Contohnya dalam mensukseskan program literasi digital pun menjadi sangat penting. Karena dari tangan wanita-wanita hebatlah keberhasilan dalam mendidik anak-anak sebagai generasi penerus bangsa digantungkan.
Harjono berpendapat bahwa literasi digital merupakan perpaduan dari keterampilan teknologi informasi dan komunikasi, berpikir kritis, keterampilan bekerja sama (kolaborasi), dan kesadaran sosial.
Kerangka kerja Eshet Alkalai dan Chajut terdiri dari serangkaian keterampilan diantaranya adalah literasi foto visual (kemampuan untuk bekerja secara efektif dengan lingkungan digital, seperti antarmuka pengguna, yang menggunakan komunikasi grafis).
Yang kedua adalah literasi reproduksi (kemampuan untuk membuat karya tulis dan karya seni yang otentik, bermakna dengan mereproduksi dan memanipulasi teks digital, visual, dan potongan audio yang sudah ada sebelumnya. Selanjutnya adalah literasi cabang (untuk membangun pengetahuan dengan navigasi nonlinier melalui domain pengetahuan, seperti di Internet dan lingkungan hypermedia lainnya).
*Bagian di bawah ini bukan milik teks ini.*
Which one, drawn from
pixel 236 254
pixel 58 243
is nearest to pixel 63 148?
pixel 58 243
Terakhir yaitu literasi informasi (kemampuan untuk mengkonsumsi informasi secara kritis dan memilah informasi yang salah dan masih tergolong bias).
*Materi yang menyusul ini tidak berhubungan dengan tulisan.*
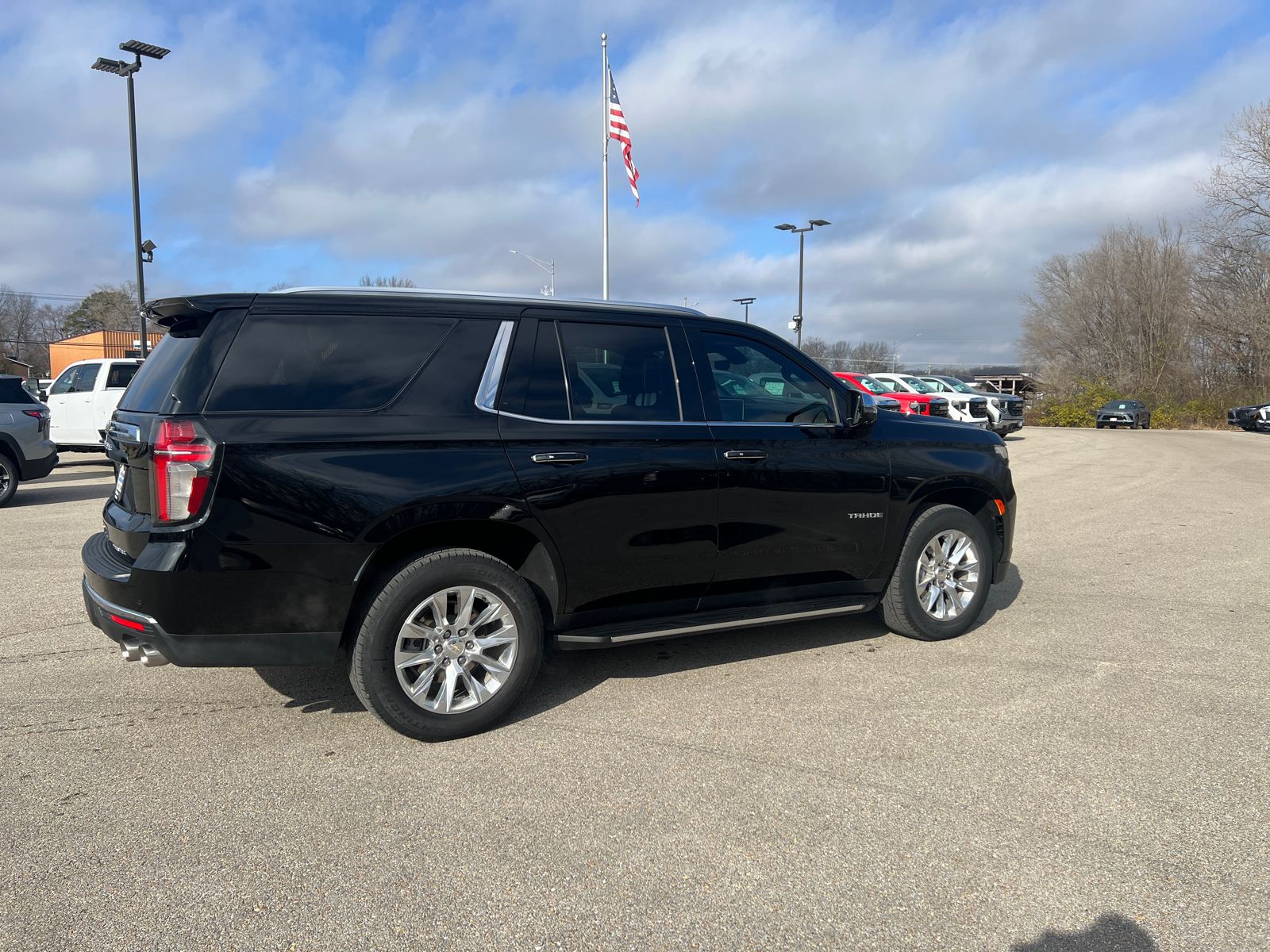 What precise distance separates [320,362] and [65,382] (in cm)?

Pada realitanya kesenjangan gender di bidang digital masih cukup signifikan di Indonesia.
Meskipun statemen akan adanya kesetaraan gender sudah sangat sering diungkapkan dan diimplementasikan dalam segala sector kehidupan bermasyarakat, namun berdasarkan penelitian rata-rata hanya 20% perempuan Indonesia memiliki akses internet, dan di antara mereka hanya 26% yang mengutarakan pendapat secara daring untuk mencari informasi yang kritis mengenai hak perempuan dan hanya 5% dari jumlah tersebut yang menggunakan internet untuk mengekspresikan pandangannya guna mendapatkan informasi di website sebagai penunjang mendapatkan hak kesetaraan.
Terlebih golongan para ibu rumah tangga yang hampir separuh waktunya mayoritas hanya berfokus untuk mengabdikan diri pada keluarga tercinta. Sehingga banyak dari mereka merasa kewalahan dalam melakukan pengawasan dan pengontrolan terhadap anak-anaknya serta penguasaan diiera yang serba digital.
Hal ini dikarenakan adaptasi pengaruh akan adanya perubahan serta perkembangan teknologi informasi pada anak-anak dipandang lebih cepat dan dinamis.